ABOUT THIS EXERCISE =
In the material below, find the line containing "وضعية ادماجية عن فتح مكة" and the line containing "2019-2020年七年级上学期期中教学质量检测历史试题.doc_第3页". Output those two lines and all lines between them exactly, without pictures.

DATA SUPPLIED =
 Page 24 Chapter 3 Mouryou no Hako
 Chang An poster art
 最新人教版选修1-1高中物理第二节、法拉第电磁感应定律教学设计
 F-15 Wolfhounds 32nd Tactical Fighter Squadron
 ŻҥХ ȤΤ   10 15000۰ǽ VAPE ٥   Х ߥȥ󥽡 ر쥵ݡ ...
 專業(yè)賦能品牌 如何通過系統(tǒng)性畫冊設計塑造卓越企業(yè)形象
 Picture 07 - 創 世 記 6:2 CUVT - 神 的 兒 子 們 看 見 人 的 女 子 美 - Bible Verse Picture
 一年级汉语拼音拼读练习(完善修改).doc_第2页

* * *

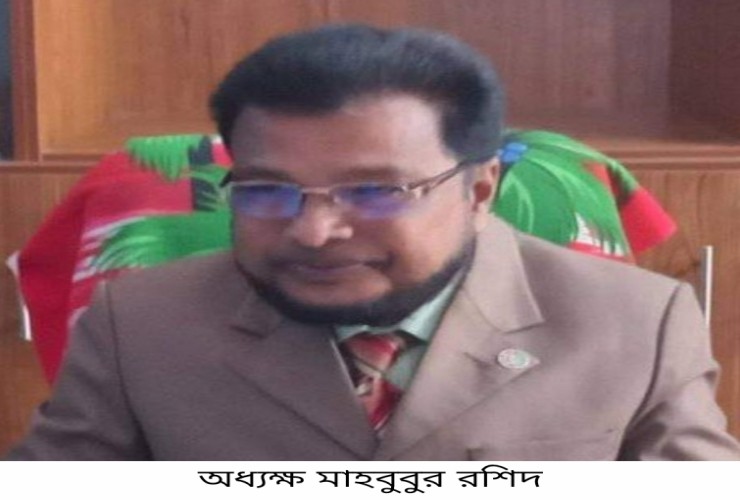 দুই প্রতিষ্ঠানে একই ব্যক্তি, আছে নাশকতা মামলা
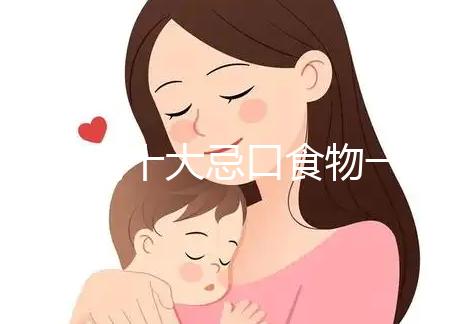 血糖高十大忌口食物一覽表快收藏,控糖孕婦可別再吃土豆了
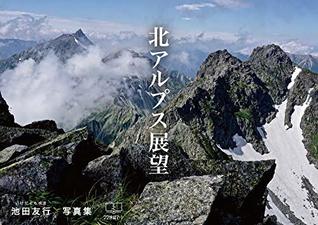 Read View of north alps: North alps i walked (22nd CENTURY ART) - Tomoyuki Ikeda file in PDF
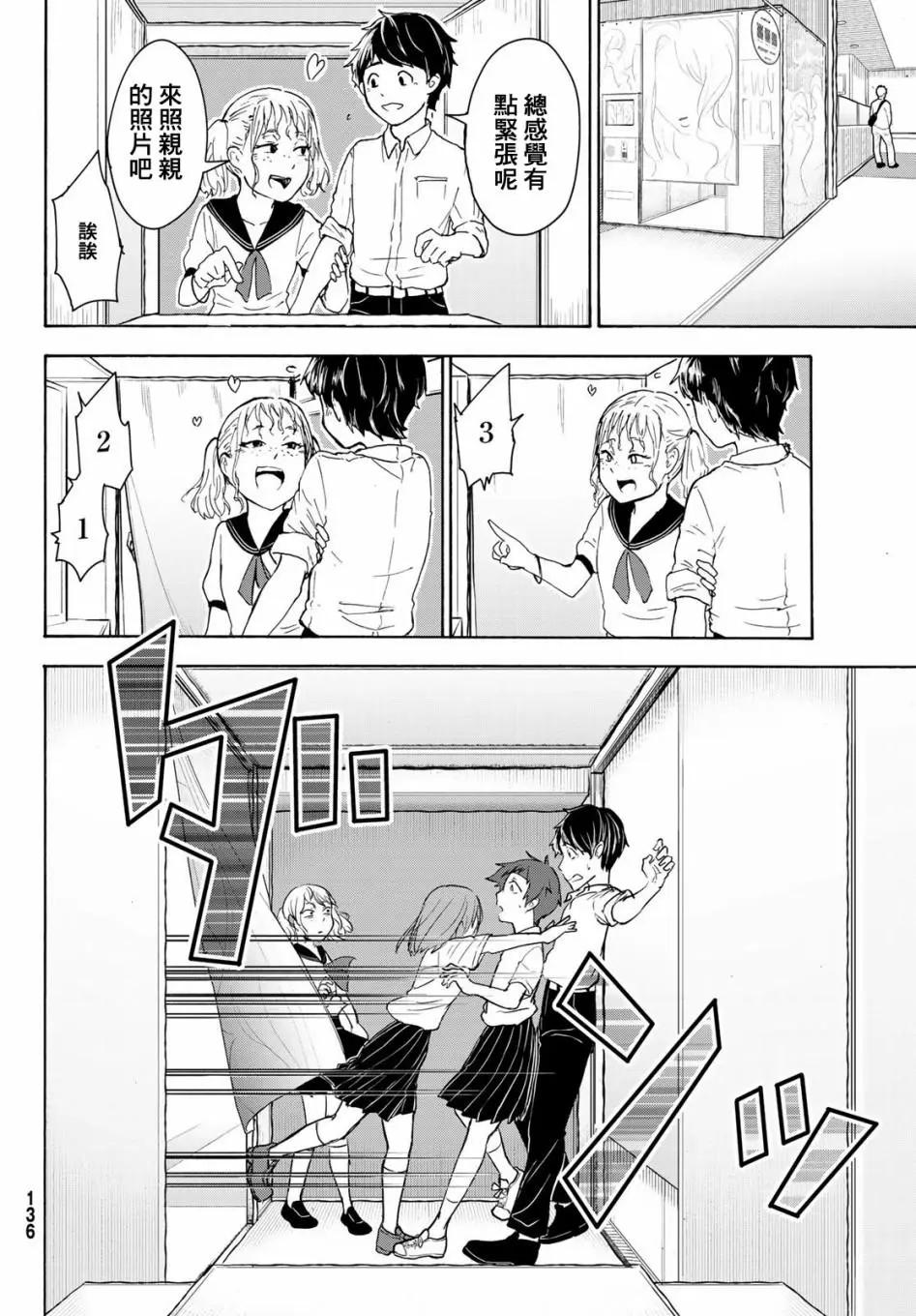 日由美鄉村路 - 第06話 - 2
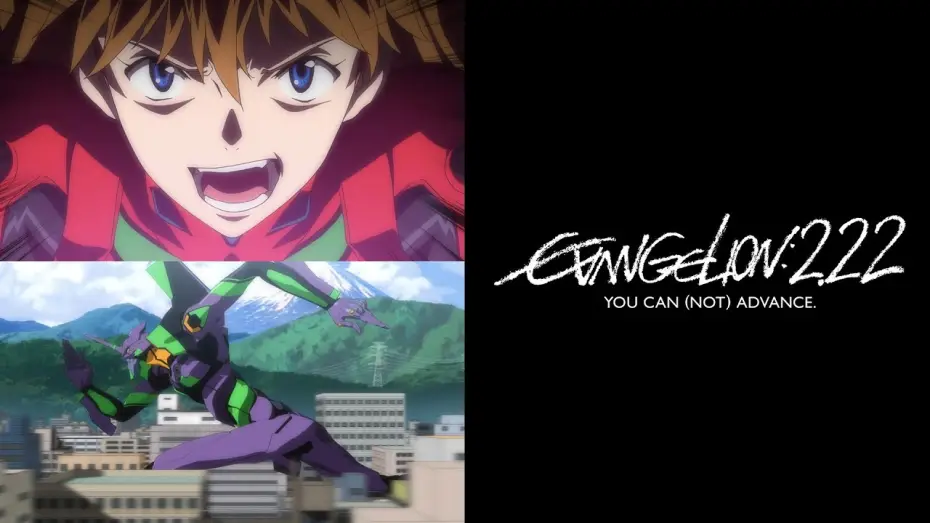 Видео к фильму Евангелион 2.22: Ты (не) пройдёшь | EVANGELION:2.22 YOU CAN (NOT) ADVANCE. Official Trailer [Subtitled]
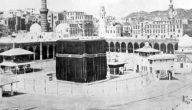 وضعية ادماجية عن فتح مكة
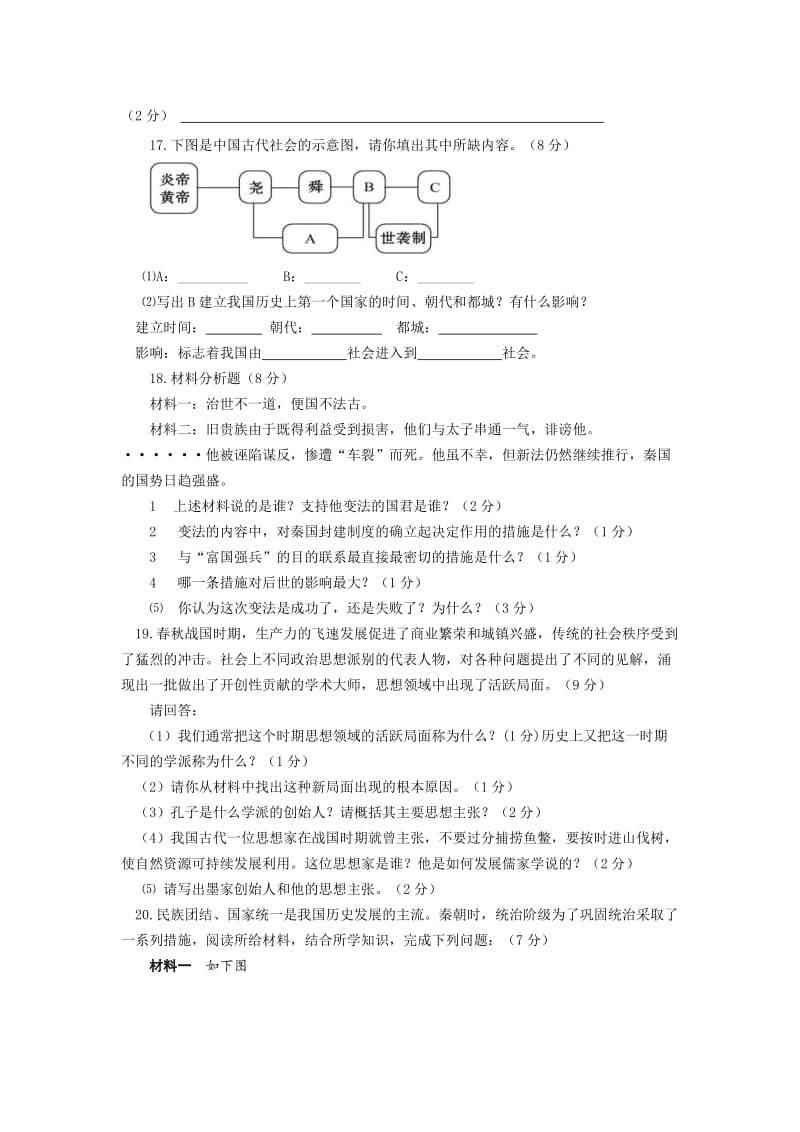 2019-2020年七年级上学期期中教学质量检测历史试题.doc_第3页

YOUR RESPONSE =
 وضعية ادماجية عن فتح مكة
 2019-2020年七年级上学期期中教学质量检测历史试题.doc_第3页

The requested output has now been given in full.